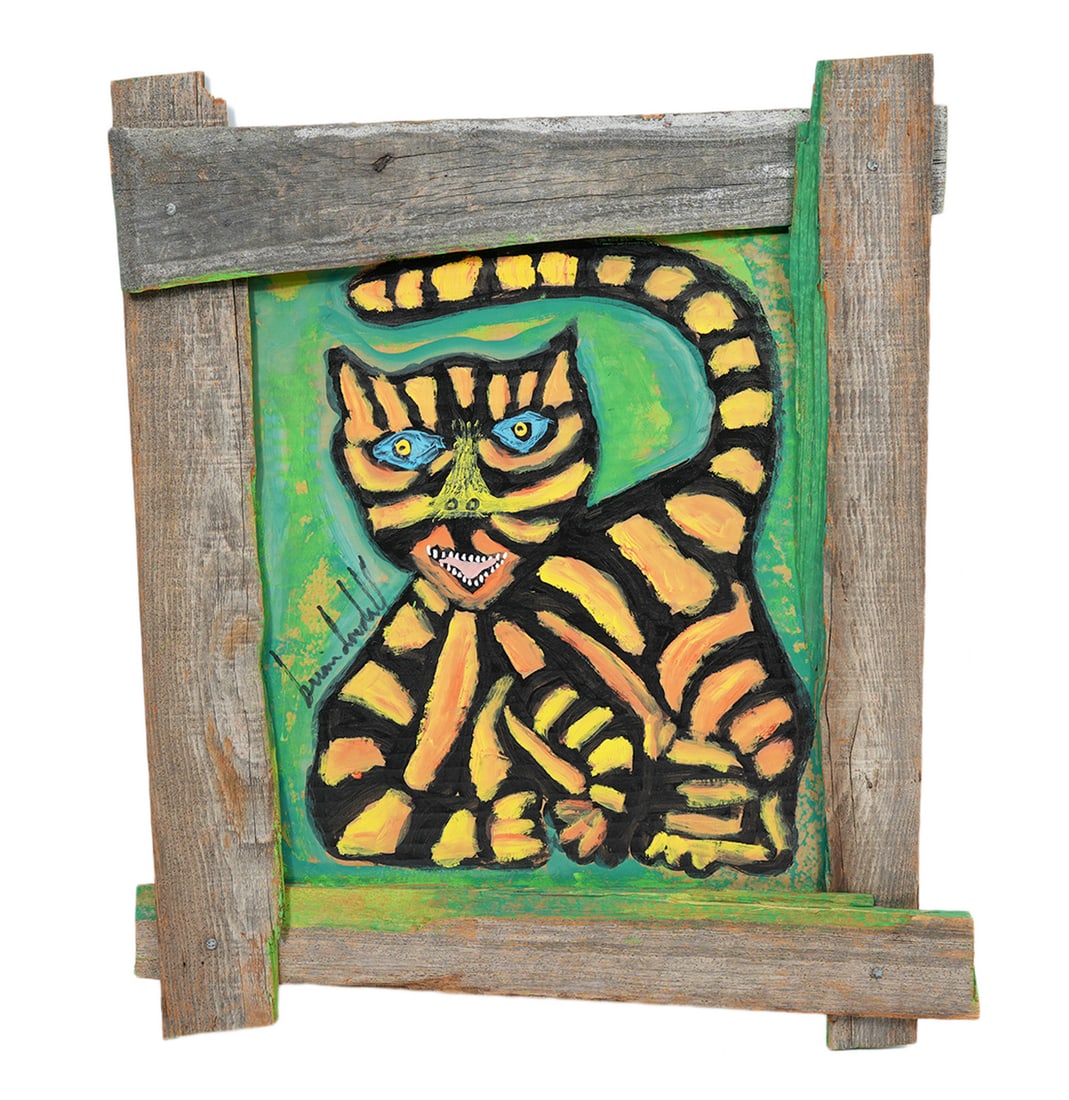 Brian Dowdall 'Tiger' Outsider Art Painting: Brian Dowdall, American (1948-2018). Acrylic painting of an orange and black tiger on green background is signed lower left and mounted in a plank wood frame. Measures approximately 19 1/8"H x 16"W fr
...
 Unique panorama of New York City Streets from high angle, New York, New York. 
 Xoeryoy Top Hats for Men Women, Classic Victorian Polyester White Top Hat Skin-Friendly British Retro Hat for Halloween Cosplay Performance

● Requirement:
Above are the records. Print exactly, and only, the lines from the line with "Unique panorama of" to the line with "Xoeryoy Top Hats", both inclusive.

● Response to the exercise:
 Unique panorama of New York City Streets from high angle, New York, New York. 
 Xoeryoy Top Hats for Men Women, Classic Victorian Polyester White Top Hat Skin-Friendly British Retro Hat for Halloween Cosplay Performance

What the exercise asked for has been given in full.